*** Opening of Data to examine ***

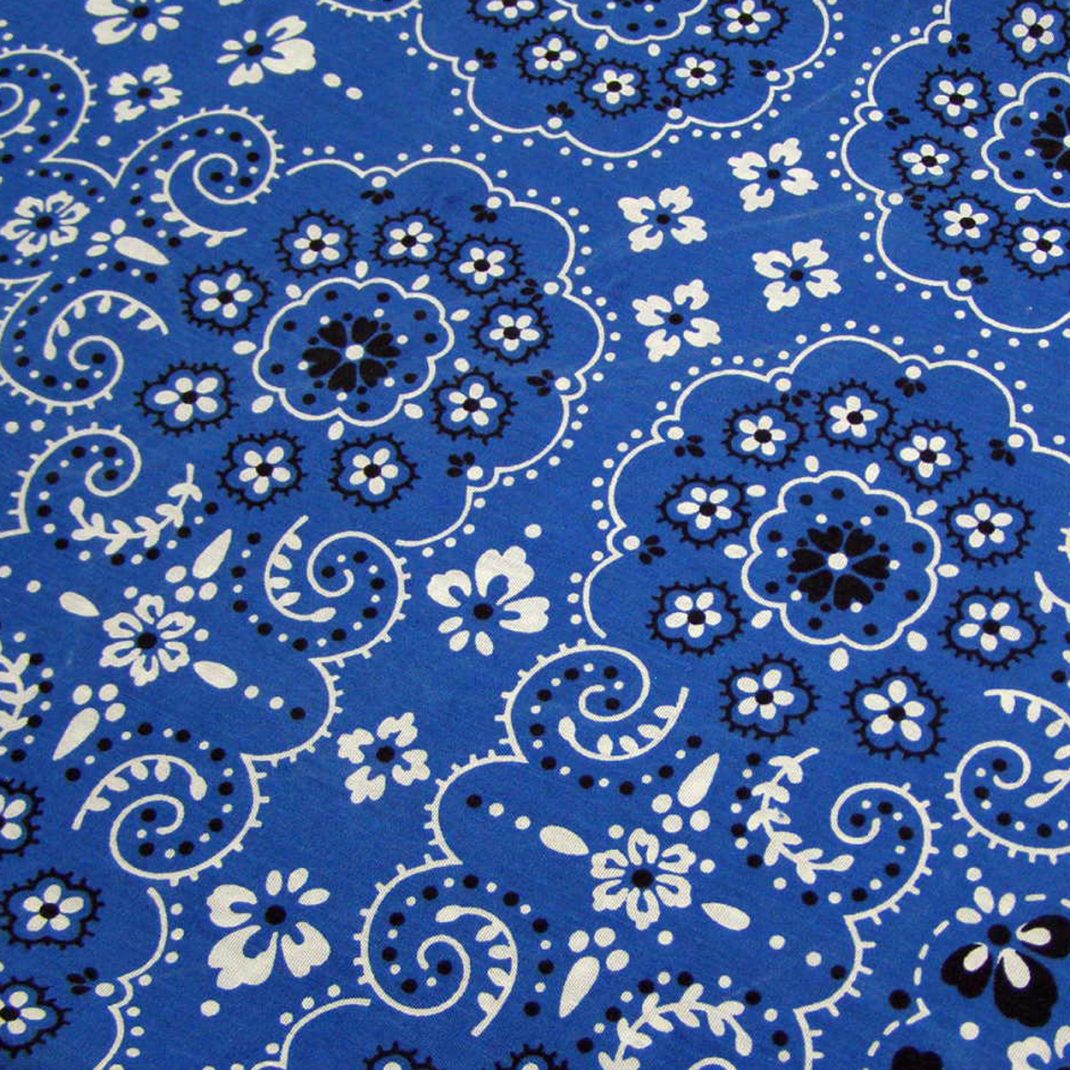 Blue Bandana Print - Lasting Impressions Event Rentals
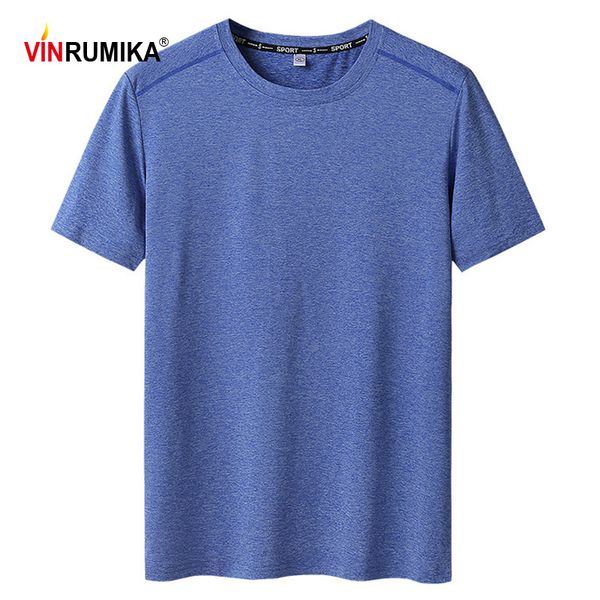 

super large size l-9xl summer men sports casual style gray short sleeve t shirts tees man soft o-neck blue t-shirts, Black;brown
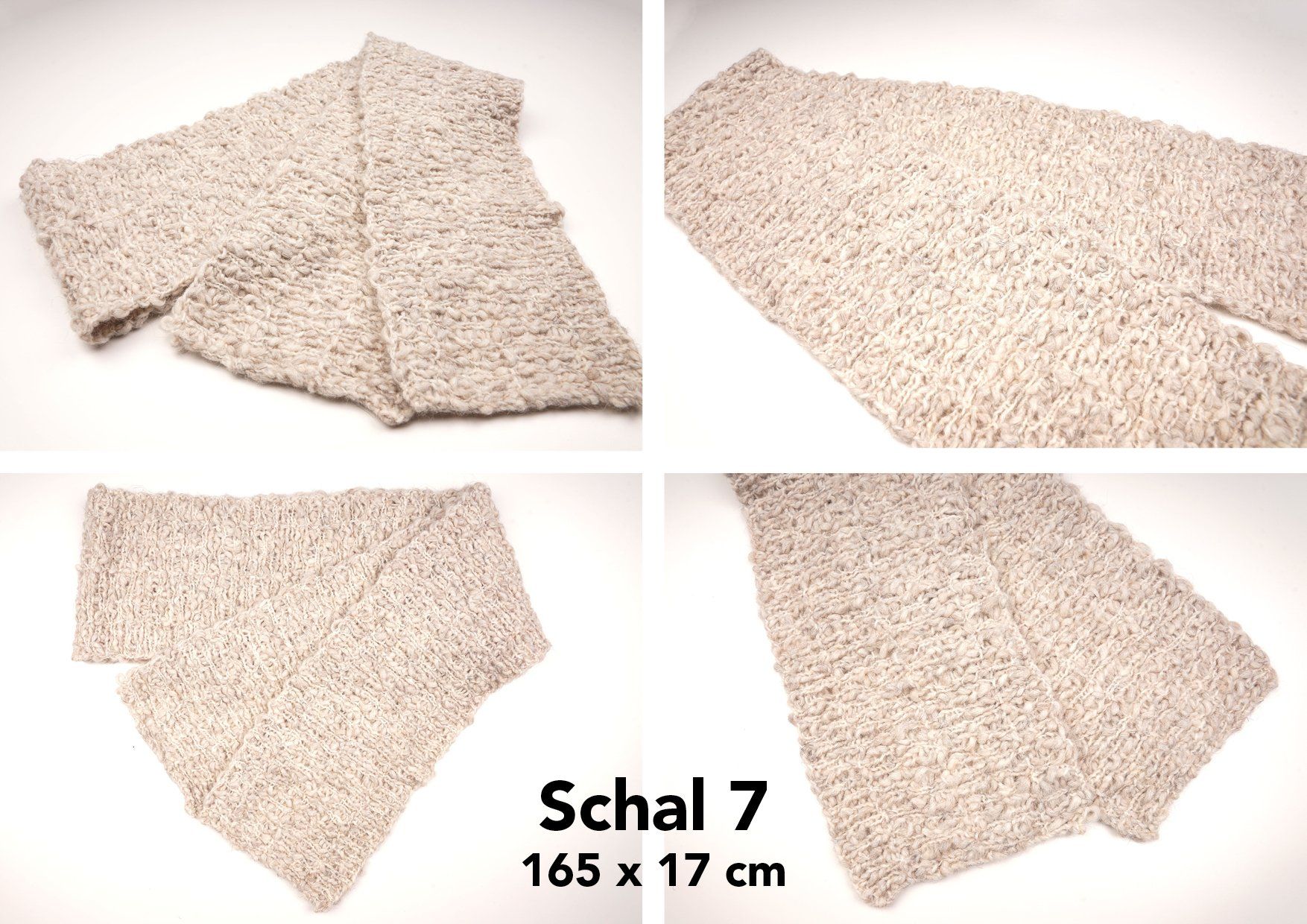 Foulard & Sciarpe: Schal / Schärpe / gestrickter Wollschal – Nuovo (secondo la descrizione) da Buochs venduto da chicco64 5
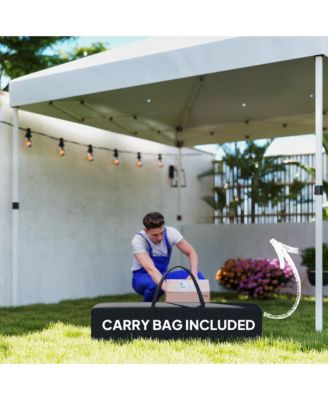 10' x 10' Pop Up Canopy Tent with 2 Half Sidewalls, Dark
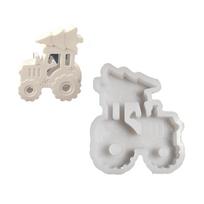 DIY Resin Countdwons Silicone Mold Set Convenient Tractor Christmas Tree Silicone Mold for Home Decoration Crafting gray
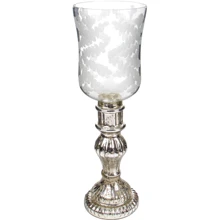 Стеклянный подсвечник Lefard декоративный 28x8 см (876-067): undefined undefined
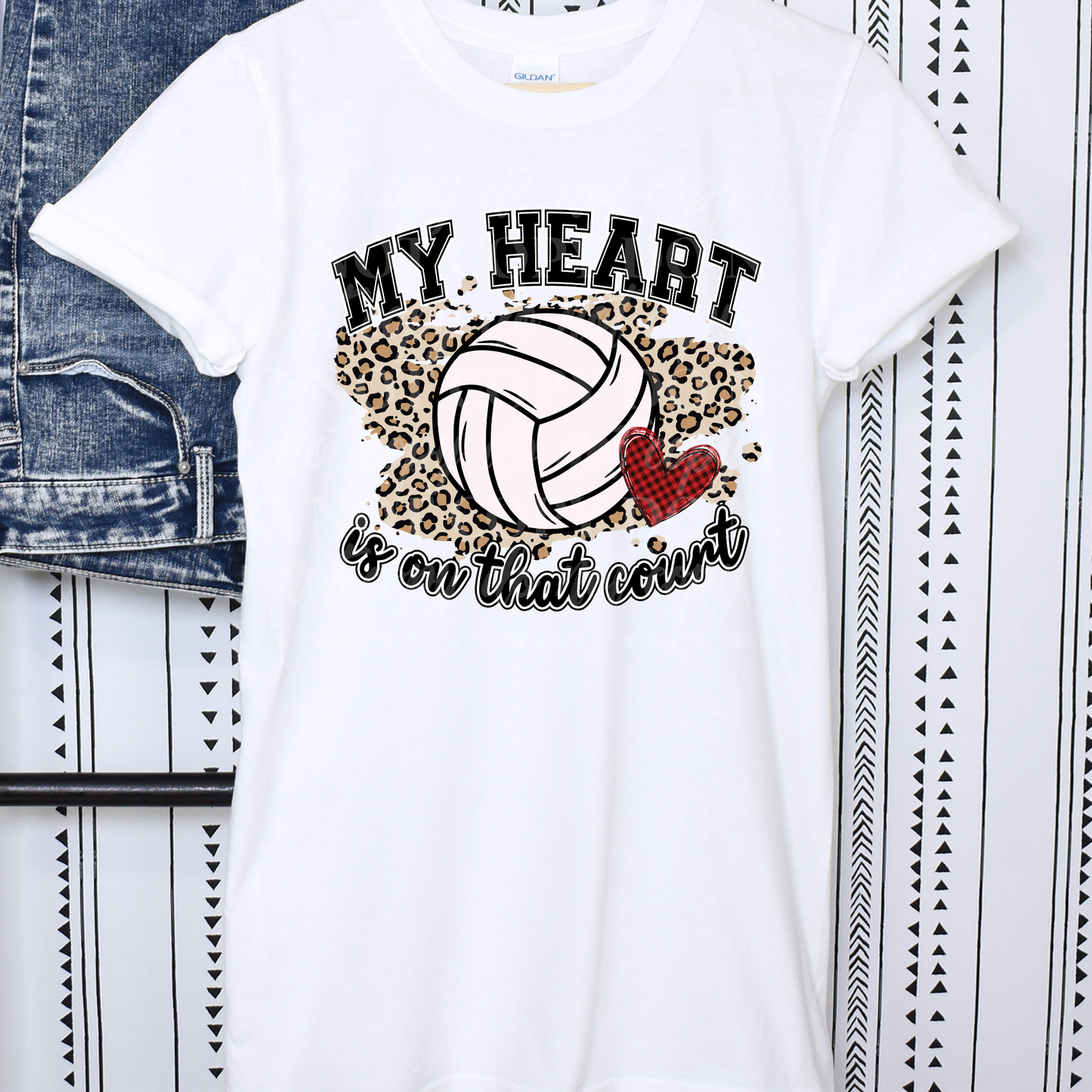 Heart- Court- Volleyball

*** Close of Data to examine ***

■ What to work on
With the pictures excluded, transcribe word for word only the lines from the one containing "Стеклянный подсвечник Lefard" through the last line of the records.

■ Answer box
 Стеклянный подсвечник Lefard декоративный 28x8 см (876-067): undefined undefined
 Heart- Court- Volleyball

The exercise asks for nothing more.